── Provided records

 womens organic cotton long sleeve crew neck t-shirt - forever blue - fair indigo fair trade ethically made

────
── Provided records

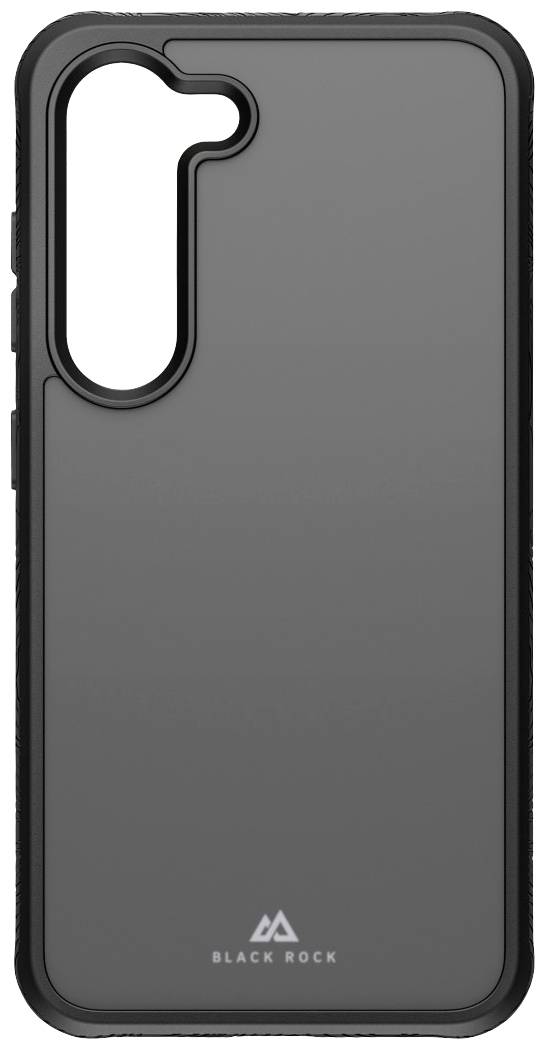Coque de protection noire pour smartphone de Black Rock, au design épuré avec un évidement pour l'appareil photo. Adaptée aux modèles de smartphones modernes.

────
── Provided records

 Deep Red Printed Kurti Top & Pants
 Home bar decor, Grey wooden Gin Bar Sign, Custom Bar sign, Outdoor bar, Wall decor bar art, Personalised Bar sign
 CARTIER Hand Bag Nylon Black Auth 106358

────

▶ [Task details]: Output the lines above exactly, but only those between the line holding "Deep Red Printed Kurti Top & Pants" and the line holding "CARTIER Hand Bag Nylon Black Auth 106358", inclusive.

▶ [Exercise result]:
 Deep Red Printed Kurti Top & Pants
 Home bar decor, Grey wooden Gin Bar Sign, Custom Bar sign, Outdoor bar, Wall decor bar art, Personalised Bar sign
 CARTIER Hand Bag Nylon Black Auth 106358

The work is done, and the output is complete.